This post is an in depth look at the Meniere’s PBS petition for Serc, Zofran & Valtrex.
Want just the basics? Read, SIGN & SHARE the petition HERE.
Meniere’s Disease Medications URGENTLY Needed on the PBS
DEPRESSION & ANXIETY
“My sister killed herself because of Meniere’s Disease. The attacks were coming with an unrelenting intensity that would last for weeks and months. The side effects of depression and anxiety is under reported and the cost of medicating this disease is ridiculous, particularly for people that simply can’t work because they can’t leave their bed.” – Leah F, NSW
“I grieve for my brother’s mental stability if he doesn’t get affordable effective treatment for his MD. The lack of affordable medication support sees him suffer even more from depression. Please help to give his life back to him.” – Glenny P, Brisbane
Over 40,000 Australians with Meniere’s disease need your help.

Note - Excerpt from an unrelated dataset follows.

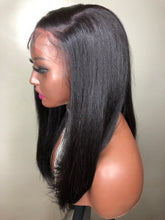 Load image into Gallery viewer, Straight 13x4 Lace Frontal Wig Lorraine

Meniere’s disease has been described “as one of the most debilitating diseases experienced by people who survive any illness”.
The symptoms of Meniere’s disease can lead to “sudden debilitating attacks, loss of employment, social isolation and loss of confidence and personal capabilities in everyday living activities”, yet this life changing balance & hearing disorder receives no attention. 
FAMILIES IN CRISIS
“My Mum suffered from this for her entire adult life. I can remember her losing control on many occasions and falling flat on her face on the floor. As a child it frightened the hell out of me. She couldn’t drive, go out alone or do any of the things that most folk take for granted.” – Kim C, Dagun
“I’m signing because I use Serc regularly to control my Ménière’s disease. I experience debilitating attacks of vertigo that confine me to bed often for more than 24 hours at a time. Serc helps with these symptoms. It is not a nice extra in my life but a necessity as I care for my terminally ill husband. It should be on the PBS so that it can be obtained like any other necessary drug.” – Caroline B, Australia
“I too suffer with Ménière’s, and have not been able to drive, work or even go out of the house on my own for over 1 year. I am on numerous medications and feel very lucky that our Welsh Assembly government provide us living in Wales with free prescriptions.” – Stephen C, UK
1 in 600 Australians have Meniere’s disease , this equates to approximately 40,120 Australians (more than double of those with Multiple Sclerosis) but where is the community awareness or government support?
“Patients with Ménière’s disease are severely incapacitated by their illness. In acute episodes, Ménière’s disease seems to be one of the most debilitating diseases experienced by people who survive any illness. All instruments seem to indicate that Ménière’s disease is serious in its physical and mental health consequences.”  Symptoms include fluctuating low frequency hearing loss, aural fullness, tinnitus, dizziness, vertigo attacks, brain fog, depersonalisation, nystagmus, and frightening drop attacks.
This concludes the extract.